=== Section Start ===

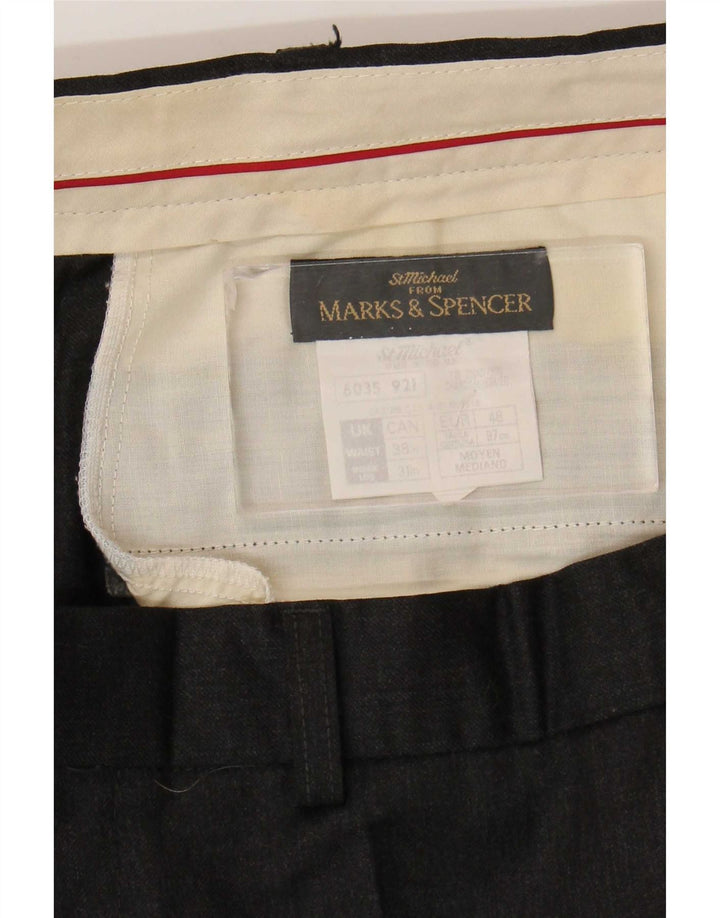 Gerade Herren-Anzughose von Marks & Spencer, W38, L31, schwarze Wolle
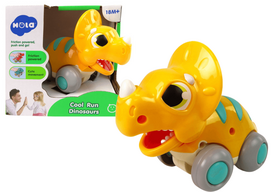 Lean Toys Žaislinis Geltonas Triceratopsas su Ratukais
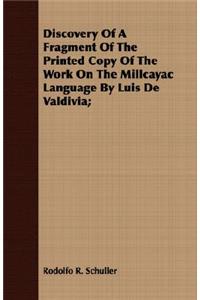 Discovery of a Fragment of the Printed Copy of the Work on the Millcayac Language by Luis de Valdivia;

=== Section End ===

— Task requirements —
Output the full listing above exactly, excluding all pictures.

— Expected output —
 Gerade Herren-Anzughose von Marks & Spencer, W38, L31, schwarze Wolle
 Lean Toys Žaislinis Geltonas Triceratopsas su Ratukais
 Discovery of a Fragment of the Printed Copy of the Work on the Millcayac Language by Luis de Valdivia;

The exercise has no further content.